Cuento: La danza de los aparecidos

altBien sabía Oligario que nadie le creería lo que acababa de ver. Lo que fuera, se ocultó rápidamente detrás de unos arbustos, y en lo que el asustado viejo se demoró en recoger su rastrillo, la cosa se esfumó. Quienes lo acompañaban estaban lejos. Además, pensó Oligario, siempre serían incrédulos frente a lo que saliera de su boca. Nadie le creía después de haber pasado una temporada en la cárcel por un supuesto desfalco que, según aseguró a los suyos, jamás cometió.

Lo había visto, en eso no tenía dudas, pero sería inútil tratar de prevenir al resto. Encendió un cigarrillo y se lo fumó lentamente, reconociendo a lo lejos cierta majestuosidad en las aguas del río Bío Bío. Era una labor un tanto rutinaria esa de estar quemando pastizales. Llevaba unas cuantas semanas en lo mismo, pero la autoridad había sido tajante: "si encontramos un solo ratón colilargo en el centro de Concepción, toda la culpa será suya". Y entonces, con un par de sobrinos aceptó llevar a cabo una serie de roces controlados para despejar los cerros aledaños a la cárcel El Manzano.

El problema fue que después de su visión, con el correr de los días, Oligario comenzó a sentirse observado. Trató de mantenerse cerca de sus sobrinos, pero no pudo evitar ser detectado y que los jóvenes hablaran a sus espaldas:

-- ¿Qué le pasará al tío?, como que anda con miedo.

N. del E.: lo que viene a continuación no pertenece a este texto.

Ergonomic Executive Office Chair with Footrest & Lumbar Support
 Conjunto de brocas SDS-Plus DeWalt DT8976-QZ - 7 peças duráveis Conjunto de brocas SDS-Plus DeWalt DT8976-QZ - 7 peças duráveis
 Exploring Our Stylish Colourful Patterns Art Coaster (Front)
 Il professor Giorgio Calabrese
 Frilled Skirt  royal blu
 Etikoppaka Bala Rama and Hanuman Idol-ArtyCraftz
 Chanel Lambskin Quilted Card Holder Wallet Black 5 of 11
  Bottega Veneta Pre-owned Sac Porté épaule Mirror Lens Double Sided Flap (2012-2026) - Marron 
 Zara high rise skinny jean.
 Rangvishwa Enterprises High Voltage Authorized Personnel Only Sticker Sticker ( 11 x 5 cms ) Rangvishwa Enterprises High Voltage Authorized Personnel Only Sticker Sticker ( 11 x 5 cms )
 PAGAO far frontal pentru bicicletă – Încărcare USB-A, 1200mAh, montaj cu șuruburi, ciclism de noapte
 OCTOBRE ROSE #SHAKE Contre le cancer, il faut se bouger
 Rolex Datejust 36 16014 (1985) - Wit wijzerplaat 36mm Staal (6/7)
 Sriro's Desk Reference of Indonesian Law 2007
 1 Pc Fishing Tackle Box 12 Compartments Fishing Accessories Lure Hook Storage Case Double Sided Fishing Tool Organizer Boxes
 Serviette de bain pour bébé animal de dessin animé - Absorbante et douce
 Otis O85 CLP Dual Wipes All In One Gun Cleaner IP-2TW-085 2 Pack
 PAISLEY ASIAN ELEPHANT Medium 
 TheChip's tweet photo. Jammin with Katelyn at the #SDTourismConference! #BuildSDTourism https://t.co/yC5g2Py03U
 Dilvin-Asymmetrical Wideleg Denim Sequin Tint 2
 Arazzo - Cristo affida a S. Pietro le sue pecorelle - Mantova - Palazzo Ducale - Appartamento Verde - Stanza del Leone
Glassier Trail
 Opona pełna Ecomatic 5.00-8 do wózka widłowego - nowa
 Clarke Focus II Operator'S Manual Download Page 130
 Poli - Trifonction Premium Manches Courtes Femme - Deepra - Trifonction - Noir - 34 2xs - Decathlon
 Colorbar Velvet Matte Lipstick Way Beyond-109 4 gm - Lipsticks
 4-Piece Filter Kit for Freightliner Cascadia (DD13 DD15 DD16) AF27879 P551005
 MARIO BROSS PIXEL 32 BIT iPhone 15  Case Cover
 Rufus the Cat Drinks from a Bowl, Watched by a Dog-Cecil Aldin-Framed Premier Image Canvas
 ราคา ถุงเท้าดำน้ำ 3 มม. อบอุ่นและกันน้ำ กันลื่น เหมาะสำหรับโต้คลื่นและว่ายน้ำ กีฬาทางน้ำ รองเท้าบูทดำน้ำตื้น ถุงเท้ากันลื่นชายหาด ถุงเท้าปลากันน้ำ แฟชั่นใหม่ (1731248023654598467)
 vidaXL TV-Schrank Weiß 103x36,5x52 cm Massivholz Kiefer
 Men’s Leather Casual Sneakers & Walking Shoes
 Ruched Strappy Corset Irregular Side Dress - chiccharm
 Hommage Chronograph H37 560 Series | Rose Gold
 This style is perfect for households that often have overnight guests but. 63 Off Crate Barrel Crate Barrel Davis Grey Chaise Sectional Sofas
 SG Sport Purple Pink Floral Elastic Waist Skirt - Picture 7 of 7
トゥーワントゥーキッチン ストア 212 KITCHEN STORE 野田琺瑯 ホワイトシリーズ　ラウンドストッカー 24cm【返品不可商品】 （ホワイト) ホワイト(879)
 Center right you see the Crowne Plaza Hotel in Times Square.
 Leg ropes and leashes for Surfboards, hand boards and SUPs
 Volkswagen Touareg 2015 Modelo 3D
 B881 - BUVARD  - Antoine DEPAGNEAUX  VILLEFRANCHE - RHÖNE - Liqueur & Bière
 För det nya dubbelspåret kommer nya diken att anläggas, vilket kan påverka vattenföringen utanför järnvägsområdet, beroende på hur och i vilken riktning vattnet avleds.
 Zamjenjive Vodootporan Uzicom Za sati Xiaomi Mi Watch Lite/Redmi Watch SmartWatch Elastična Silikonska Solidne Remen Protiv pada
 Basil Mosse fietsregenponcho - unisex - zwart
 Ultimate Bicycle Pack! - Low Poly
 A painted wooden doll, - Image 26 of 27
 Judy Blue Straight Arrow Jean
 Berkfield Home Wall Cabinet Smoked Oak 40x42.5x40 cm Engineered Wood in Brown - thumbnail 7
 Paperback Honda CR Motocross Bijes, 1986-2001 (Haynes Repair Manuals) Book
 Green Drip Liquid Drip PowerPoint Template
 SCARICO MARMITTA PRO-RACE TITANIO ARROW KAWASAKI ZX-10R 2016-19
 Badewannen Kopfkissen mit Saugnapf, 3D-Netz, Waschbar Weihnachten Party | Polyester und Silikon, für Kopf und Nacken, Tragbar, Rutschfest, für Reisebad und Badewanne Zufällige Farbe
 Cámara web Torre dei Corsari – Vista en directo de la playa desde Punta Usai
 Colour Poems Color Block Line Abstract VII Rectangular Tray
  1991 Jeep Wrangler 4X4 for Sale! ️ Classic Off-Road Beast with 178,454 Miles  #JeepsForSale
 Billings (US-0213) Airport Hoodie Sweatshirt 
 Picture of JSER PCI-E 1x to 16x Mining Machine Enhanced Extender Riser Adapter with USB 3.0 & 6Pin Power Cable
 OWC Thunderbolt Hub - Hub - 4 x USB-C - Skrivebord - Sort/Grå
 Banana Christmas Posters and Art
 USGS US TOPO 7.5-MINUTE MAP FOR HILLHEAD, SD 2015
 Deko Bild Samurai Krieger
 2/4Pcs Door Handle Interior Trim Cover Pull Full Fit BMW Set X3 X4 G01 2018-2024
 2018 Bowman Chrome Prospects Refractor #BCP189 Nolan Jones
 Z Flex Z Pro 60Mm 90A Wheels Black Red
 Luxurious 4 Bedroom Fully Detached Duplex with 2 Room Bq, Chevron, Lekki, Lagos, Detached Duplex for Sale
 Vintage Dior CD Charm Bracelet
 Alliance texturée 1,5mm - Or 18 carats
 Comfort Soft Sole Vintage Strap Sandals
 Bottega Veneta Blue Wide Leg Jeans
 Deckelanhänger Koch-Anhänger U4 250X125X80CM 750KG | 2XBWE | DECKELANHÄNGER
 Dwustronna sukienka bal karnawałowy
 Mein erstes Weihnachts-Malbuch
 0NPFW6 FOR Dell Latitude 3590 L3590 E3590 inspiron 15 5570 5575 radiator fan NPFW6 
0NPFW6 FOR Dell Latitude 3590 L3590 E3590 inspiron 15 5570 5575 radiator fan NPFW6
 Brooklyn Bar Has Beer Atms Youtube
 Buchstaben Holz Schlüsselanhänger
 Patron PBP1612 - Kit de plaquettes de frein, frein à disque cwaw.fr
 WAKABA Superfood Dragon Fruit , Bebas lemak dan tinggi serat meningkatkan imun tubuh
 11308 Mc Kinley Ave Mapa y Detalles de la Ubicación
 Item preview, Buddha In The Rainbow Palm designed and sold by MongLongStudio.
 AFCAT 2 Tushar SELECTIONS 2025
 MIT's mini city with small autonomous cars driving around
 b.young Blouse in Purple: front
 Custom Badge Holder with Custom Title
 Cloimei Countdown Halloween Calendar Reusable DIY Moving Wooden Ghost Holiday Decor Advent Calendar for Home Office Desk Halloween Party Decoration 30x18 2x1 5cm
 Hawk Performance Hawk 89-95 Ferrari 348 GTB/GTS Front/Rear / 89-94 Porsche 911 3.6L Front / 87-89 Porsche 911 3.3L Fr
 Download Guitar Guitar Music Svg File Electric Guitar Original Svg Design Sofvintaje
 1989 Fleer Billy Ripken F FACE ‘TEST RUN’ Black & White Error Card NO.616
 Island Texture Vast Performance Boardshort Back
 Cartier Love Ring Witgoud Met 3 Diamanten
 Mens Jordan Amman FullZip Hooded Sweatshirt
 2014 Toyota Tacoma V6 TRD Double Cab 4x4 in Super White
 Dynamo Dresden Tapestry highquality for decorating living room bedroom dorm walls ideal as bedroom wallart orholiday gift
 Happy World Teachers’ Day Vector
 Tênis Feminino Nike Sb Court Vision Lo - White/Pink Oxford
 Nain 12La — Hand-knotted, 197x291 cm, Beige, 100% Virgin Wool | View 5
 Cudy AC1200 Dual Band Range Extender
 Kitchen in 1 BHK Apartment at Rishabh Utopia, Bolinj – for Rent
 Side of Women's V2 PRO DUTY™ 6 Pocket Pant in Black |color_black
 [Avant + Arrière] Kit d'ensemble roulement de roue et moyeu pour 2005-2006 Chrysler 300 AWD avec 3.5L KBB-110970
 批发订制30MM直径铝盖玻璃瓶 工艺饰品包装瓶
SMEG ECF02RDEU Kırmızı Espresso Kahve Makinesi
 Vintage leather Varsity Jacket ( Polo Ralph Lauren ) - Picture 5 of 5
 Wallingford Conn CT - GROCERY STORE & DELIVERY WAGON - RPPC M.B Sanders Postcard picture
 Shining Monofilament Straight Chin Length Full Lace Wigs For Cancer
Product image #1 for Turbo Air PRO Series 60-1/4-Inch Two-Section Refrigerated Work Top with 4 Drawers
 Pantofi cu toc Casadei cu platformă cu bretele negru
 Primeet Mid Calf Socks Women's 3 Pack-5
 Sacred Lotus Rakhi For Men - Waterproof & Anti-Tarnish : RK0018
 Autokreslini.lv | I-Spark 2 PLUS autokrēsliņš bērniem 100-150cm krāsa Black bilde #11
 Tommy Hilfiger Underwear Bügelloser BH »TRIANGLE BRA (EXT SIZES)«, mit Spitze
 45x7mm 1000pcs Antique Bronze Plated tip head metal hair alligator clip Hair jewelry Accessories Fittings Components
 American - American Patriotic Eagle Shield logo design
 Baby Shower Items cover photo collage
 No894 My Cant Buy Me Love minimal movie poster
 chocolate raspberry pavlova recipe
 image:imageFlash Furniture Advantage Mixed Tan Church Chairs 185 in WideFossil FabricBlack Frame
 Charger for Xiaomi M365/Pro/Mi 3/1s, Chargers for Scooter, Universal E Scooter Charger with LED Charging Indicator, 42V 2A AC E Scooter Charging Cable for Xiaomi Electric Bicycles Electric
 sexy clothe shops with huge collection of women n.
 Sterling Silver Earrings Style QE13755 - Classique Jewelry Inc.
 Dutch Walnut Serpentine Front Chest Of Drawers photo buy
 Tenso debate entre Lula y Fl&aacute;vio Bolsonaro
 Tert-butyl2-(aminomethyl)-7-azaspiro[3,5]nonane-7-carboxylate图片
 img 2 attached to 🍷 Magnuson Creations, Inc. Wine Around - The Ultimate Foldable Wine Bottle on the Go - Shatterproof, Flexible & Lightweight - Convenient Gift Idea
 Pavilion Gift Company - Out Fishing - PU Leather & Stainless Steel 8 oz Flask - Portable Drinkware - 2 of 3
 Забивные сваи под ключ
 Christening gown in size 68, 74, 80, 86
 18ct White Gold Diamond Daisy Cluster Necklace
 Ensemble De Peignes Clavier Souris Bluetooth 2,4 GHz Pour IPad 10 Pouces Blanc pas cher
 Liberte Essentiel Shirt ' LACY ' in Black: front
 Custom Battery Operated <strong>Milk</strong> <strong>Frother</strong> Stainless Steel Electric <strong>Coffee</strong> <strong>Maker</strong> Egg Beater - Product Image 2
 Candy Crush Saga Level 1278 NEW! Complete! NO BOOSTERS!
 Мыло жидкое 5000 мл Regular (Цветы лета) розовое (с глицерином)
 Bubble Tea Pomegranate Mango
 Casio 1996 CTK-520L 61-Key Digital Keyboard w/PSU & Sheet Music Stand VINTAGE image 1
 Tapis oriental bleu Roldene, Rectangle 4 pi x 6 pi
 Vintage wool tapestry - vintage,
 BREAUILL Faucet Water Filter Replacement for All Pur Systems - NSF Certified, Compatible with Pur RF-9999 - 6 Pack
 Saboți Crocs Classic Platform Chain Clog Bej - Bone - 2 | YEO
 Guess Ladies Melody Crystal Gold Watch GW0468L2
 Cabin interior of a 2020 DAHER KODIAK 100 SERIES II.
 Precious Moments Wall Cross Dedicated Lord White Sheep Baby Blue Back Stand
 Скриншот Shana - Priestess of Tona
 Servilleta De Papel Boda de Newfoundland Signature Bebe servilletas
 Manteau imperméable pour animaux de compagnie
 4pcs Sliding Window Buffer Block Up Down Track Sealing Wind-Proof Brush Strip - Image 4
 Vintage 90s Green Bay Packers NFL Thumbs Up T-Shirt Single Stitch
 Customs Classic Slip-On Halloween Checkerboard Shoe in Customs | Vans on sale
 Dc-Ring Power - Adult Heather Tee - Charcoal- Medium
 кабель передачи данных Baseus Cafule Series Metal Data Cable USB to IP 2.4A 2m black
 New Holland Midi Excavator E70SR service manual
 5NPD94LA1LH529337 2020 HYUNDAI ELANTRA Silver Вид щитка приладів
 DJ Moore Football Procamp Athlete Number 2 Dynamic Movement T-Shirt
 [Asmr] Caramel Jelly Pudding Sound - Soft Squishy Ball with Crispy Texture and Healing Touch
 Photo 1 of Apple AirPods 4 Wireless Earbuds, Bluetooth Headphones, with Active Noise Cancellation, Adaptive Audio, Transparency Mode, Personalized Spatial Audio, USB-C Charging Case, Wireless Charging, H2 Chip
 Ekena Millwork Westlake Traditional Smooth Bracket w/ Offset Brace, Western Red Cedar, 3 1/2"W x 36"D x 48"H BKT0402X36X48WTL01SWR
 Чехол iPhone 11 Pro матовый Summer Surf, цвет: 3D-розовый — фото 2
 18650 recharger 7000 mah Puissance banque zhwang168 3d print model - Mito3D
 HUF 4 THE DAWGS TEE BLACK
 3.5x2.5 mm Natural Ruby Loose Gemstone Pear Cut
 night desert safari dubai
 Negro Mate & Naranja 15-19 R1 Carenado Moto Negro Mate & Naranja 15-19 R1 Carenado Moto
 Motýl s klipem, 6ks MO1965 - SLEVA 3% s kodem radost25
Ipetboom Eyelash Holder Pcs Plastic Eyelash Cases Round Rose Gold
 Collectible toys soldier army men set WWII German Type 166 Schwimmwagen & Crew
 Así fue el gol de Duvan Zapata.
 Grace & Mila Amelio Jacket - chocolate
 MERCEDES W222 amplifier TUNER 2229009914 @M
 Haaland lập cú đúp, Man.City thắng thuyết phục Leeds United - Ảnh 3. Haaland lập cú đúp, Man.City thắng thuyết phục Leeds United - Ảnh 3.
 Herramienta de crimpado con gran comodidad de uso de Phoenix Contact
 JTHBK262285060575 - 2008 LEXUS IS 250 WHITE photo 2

-- Para mí que anda con la caña mala...

-- Pero si ya no toma.

-- Ah, verdad.

-- Parece como si hubiera visto al diablo...

Ocurrió una tarde en la que se levantó viento. El fuego se propagó a unos pastizales que desembocaban en una pequeña cabaña, aparentemente abandonada. La curiosidad se apoderó de Oligario y pudo más que su miedo. Tras dar instrucciones a sus sobrinos para que intentaran por todos los medios de contener el fuego, se aventuró en solitario hacia la cabaña. A cada paso que daba se le venía el recuerdo de lo que había visto algunas tardes atrás. Imaginó que se lo encontraría adentro de la cabaña. Que seguramente aquello estaría sentado a la mesa, con una servilleta alrededor de su cuello. Quizás se tratase de algo ni bueno ni malo, pensó después; un mensajero divino, un espíritu protector de los pastizales, un aparecido, el alma de algún preso abatido cerca de allí al intentar escapar...

En tanto, tras poder controlar el fuego, los sobrinos de Oligario parecían haber sido recién sacados del horno: ahumados y embarrados hasta las orejas, se anduvieron desorientando en medio de la humareda del pastizal que dejaba de arder. Fue así como en un momento pasaron -o creyeron pasar- frente a un anciano que muy asustado se apresuró a recoger su rastrillo en cuanto los vio. Asustados, echaron a correr hacia la cabaña que parecía abandonada, para esperar a que apareciera Oligario.